I agree they do look nice! I have some 1 1/2" dia brass bar, enough to make up for my mistakes...

I don't know that mine will turn out this well, but here's a link to some made in the UK, and have brass cylinder covers:

http://www.myford-lathes.com/steam41.html

-Vern
N7GTB



jpdenver said:


> Vern,
> 
> I recommend you use Brass.  I have seen this engine with them and
> it looks fantastic.   ...
> ...


----------



## MickeyDD (Jul 1, 2017)

Hello Jim,
I also live in Denver and want to get into making small IC engines. I would like to meet you and see your shop to get some ideas how to begin. What is the best way to contact you?
Thanks,
Michael


----------



## mechman48 (Jul 2, 2017)

Nice engine & runner Jim :thumbup:   I have 3 engines built from Stuarts kits; 10V, Progress horizontal & a S50 stationary that I have recently completed so your in good company. I also have 3 oscillators & an educational model paddle steamer engine.

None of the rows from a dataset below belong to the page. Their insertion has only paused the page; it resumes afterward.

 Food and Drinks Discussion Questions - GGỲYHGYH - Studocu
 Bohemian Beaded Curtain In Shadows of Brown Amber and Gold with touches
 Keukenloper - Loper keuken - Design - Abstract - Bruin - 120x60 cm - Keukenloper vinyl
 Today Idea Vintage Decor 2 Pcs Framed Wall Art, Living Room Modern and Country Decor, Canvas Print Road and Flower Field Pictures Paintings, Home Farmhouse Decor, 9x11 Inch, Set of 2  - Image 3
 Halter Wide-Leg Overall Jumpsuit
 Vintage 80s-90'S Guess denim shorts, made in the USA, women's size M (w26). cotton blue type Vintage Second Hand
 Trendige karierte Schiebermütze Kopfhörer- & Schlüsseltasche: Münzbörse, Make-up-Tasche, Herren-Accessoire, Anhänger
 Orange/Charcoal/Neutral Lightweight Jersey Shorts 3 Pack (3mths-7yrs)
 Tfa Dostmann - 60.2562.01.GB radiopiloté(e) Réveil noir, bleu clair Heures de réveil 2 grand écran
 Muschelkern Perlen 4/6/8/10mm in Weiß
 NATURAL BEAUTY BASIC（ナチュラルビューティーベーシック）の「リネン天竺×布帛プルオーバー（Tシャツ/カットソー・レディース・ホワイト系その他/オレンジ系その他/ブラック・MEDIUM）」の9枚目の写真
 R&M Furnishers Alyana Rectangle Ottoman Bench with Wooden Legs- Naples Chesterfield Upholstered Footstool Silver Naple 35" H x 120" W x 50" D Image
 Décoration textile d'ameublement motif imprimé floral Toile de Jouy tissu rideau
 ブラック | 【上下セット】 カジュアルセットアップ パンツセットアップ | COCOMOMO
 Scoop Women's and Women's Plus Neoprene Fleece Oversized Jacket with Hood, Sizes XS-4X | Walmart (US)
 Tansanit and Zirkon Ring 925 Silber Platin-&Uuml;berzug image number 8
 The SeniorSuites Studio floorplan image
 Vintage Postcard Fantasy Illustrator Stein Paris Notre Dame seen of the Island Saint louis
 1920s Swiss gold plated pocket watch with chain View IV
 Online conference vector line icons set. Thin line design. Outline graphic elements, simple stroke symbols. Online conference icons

https://youtu.be/avCCVGVa7f0

George.


----------



## jpdenver (Jul 2, 2017)

Hello again,


MickeyDD - I sent you a PM.

Mechman48,
Your S50 looks beautiful.  My results are a bit cruder at this point but getting better.


I am starting on the Reversing Gear for this engine. I Spent the last 6 months
on my other hobby, building model boats.  Here is this year's build.


[ame]https://www.youtube.com/watch?v=yWD16jaqrBc[/ame] 



Now I will get back to cutting swarf.


Regards, 

Jim Pope
Denver, CO
USA


----------